══ EXERCISE INPUTS

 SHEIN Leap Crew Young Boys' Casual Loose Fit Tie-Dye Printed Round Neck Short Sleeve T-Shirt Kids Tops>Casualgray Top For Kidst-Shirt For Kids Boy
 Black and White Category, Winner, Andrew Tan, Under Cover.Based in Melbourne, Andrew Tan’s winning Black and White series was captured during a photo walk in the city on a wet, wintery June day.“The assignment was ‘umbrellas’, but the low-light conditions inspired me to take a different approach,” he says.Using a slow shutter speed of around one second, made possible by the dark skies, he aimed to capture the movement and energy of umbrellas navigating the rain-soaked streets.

════
══ EXERCISE INPUTS

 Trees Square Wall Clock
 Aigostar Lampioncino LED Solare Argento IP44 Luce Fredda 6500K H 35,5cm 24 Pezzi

════

WORK ORDER: Would you output, from the records above, exactly the run of lines that starts at the line containing "Trees Square Wall Clock" and ends at the line containing "Aigostar Lampioncino LED", and only that run?

EXERCISE ANSWER:
 Trees Square Wall Clock
 Aigostar Lampioncino LED Solare Argento IP44 Luce Fredda 6500K H 35,5cm 24 Pezzi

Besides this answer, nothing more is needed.